O problema é que Alckmin flerta com a ideia de uma candidatura única do seu
grupo político em São Paulo. Nessa hipótese, a chapa seria encabeçada pelo
vice-governador Márcio França, do PSB. O PSDB indicaria o vice e um candidato
ao Senado.
França assumirá o governo paulista em abril. E costura sua própria
candidatura à reeleição. Um eventual acerto com o PSDB em São Paulo ofereceria
a França matéria prima para tentar convencer o seu PSB a apoiar o projeto
federal de Alckmin, cedendo-lhe o tempo de propaganda eleitoral no rádio e na
TV. Escorando-se numa banda do tucanato que não abre mão de disputar o governo,
Doria rema em sentido contrário.
Vencido na Executiva Nacional, o prefeito corre contra o relógio
para marcar as prévias de São Paulo. A decisão seria tomada na próxima
terça-feira (13), numa reunião da Executiva estadual. Por conta do Carnaval, o
encontro foi adiado para 26 de fevereiro. Se depender de Alckmin, as prévias
serão marcadas para alguma data entre o final de abril e o início de maio.
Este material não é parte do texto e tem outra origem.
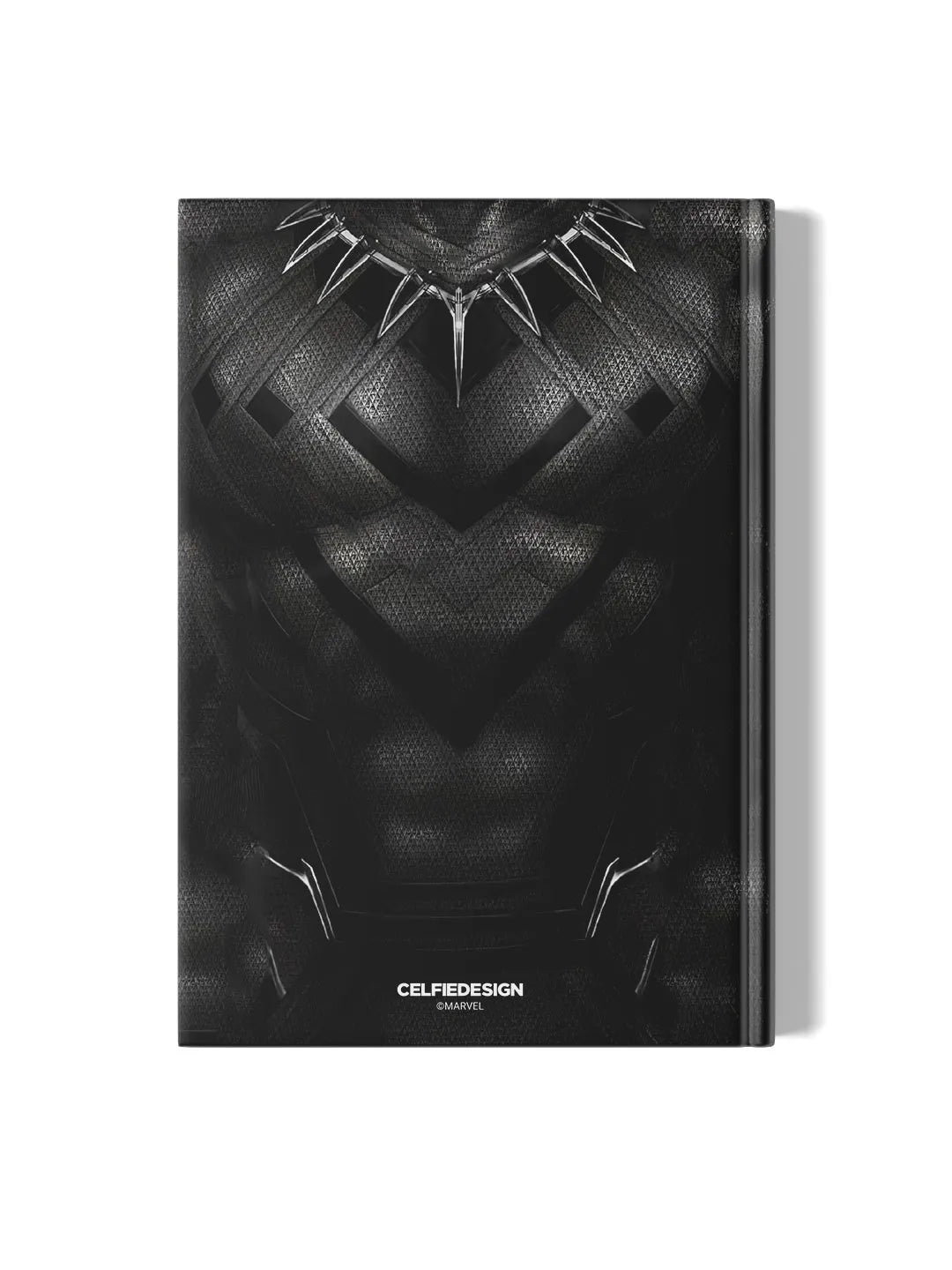 Suit Up Black Panther Hardbound Diary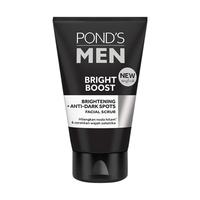 Gambar Ponds Men White Boost Fs 100Ml dari Foodmart Basko Padang Kota Padang 1 Tokopedia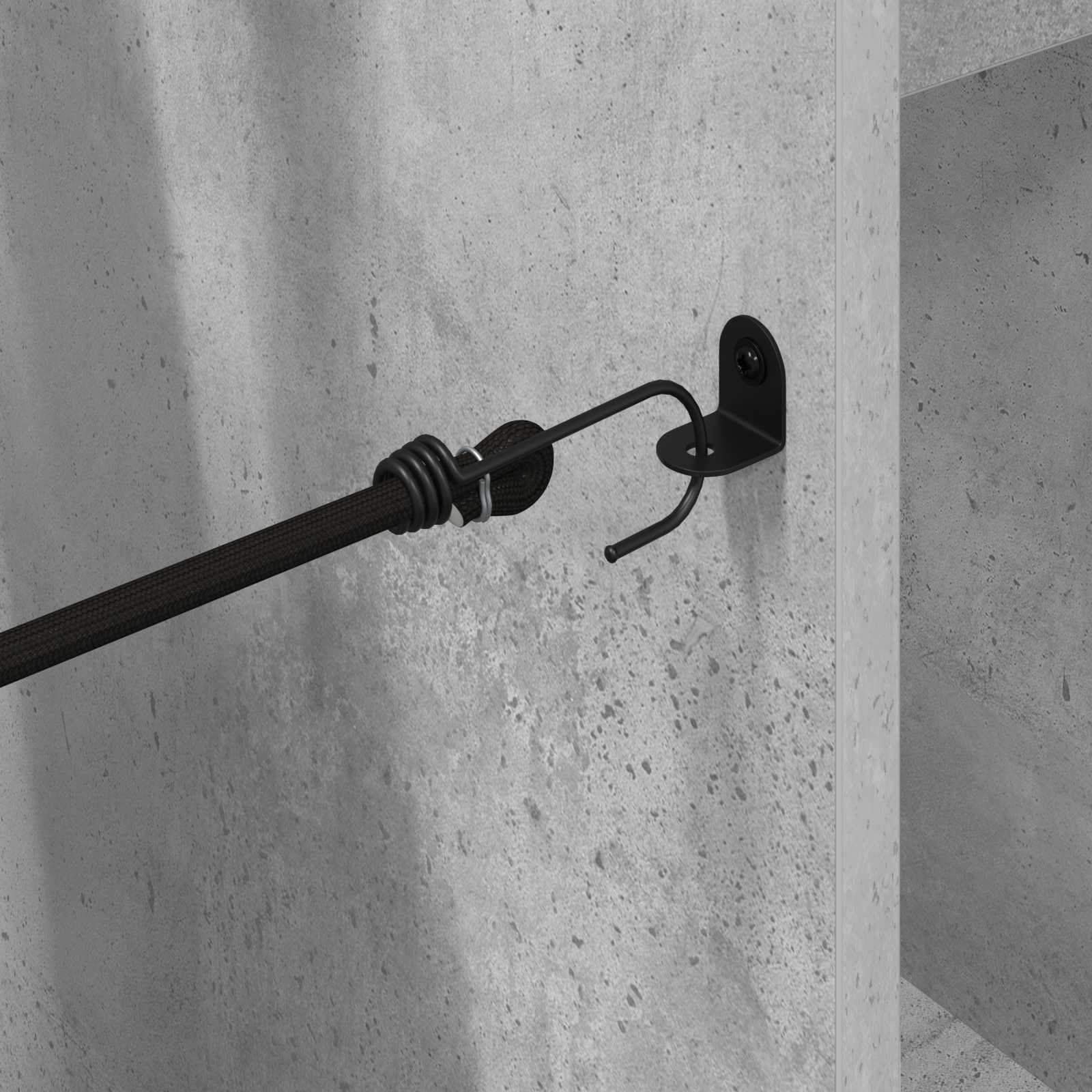 Golfkast Effen Beton Grijs 102 x 45 x 85,5 cm is nu te koop bij PeponiXL, paradijselijk wonen!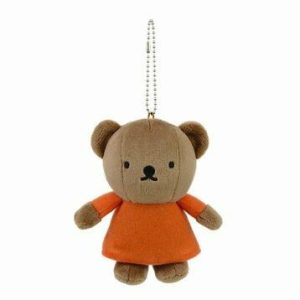 Boris Mascot Keychain  |   Plushies Plushies Plushies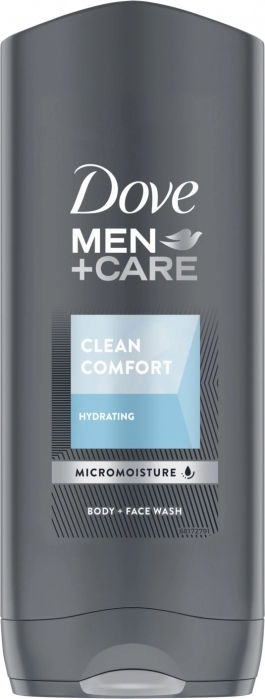 Dove Men+ Care Body + Face Wash 400ml Dove Men+ Care Body + Face Wash 400ml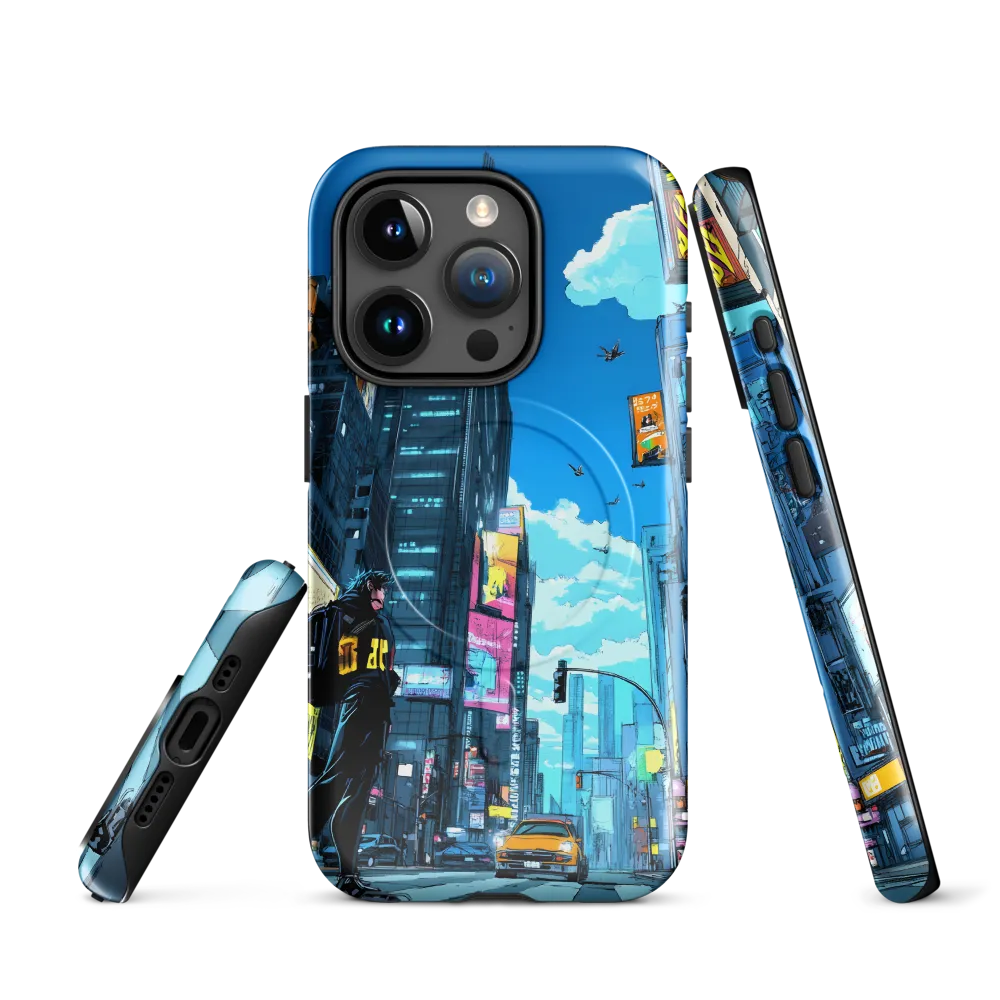 Urban Pulse: City Vibes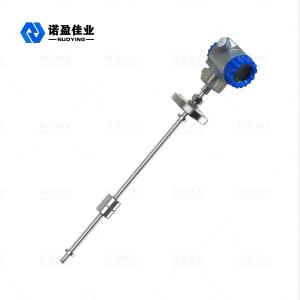 Buy cheap NYCZ500 Magnetostrictive Level Transmitter Working current 4..20mA Load characteristics (Vhen the current output, the maximum load resistance is 600Ω product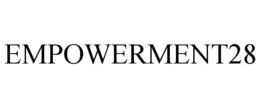 EMPOWERMENT28 trademark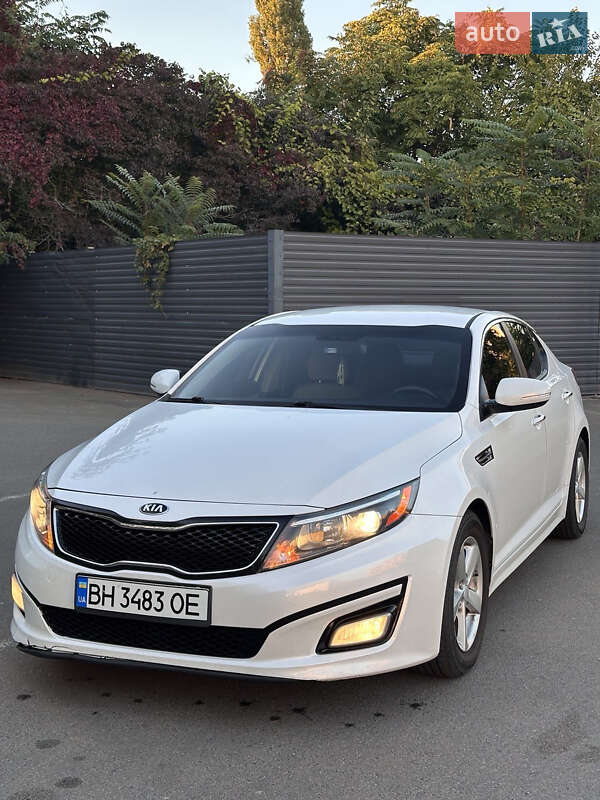 Kia Optima 2015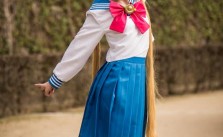 Sailor Suit Uniforms Cosplay Costumes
Desse modo, se quisesse entrar no jogo, Doria teria de trocar o certo (o cargo
de prefeito) pelo duvidoso (a candidatura a governador).
Ironicamente, Doria deve justamente a Márcio França parte do seu
êxito na eleição em que conquistou a prefeitura da cidade mais rica do país.
Foi o vice de Alckmin quem capitaneou a costura da aliança partidária que forneceu
a Doria uma vitrine eletrônica ampla na disputa municipal de 2016. Comunicador
eficaz, Doria prevaleceu no primeiro turno da eleição. Agora, França move a
cintura política em benefício de sua própria candidatura, encurtando a margem
de manobra de Doria.
Nesta quinta-feira, Doria encontrou-se em São Paulo com Michel Temer
e o presidente da Fiesp, Paulo Skaf, que cogita disputar o governo paulista
pelo PMDB. Realizada a portas fechadas, a reunião resultou em duas versões
antagônicas. Correligionários de Temer fizeram circular a informação de que o
presidente aconselhou Doria a permanecer na prefeitura, abstendo-se de disputar
a poltrona de governador.
O prefeito por sua vez, desperdiçou saliva difundindo a versão
segundo a qual a conversa abriu caminho para a negociação de uma coligação com
o PMDB no Estado e no país. Alckmin observa o vaivém de sua criatura com um pé
atrás. O governador já não confia integralmente no prefeito que apadrinhou. Em
privado, rumina o receio de que Doria volte a ser mordido pela mosca azul da
Presidência da República, convertendo-se numa espécie de Huck doméstico.
Como se vê, o tucanato se esforça como nunca para confirmar a fama
que fez do PSDB um partido de amigos feito integralmente de inimigos.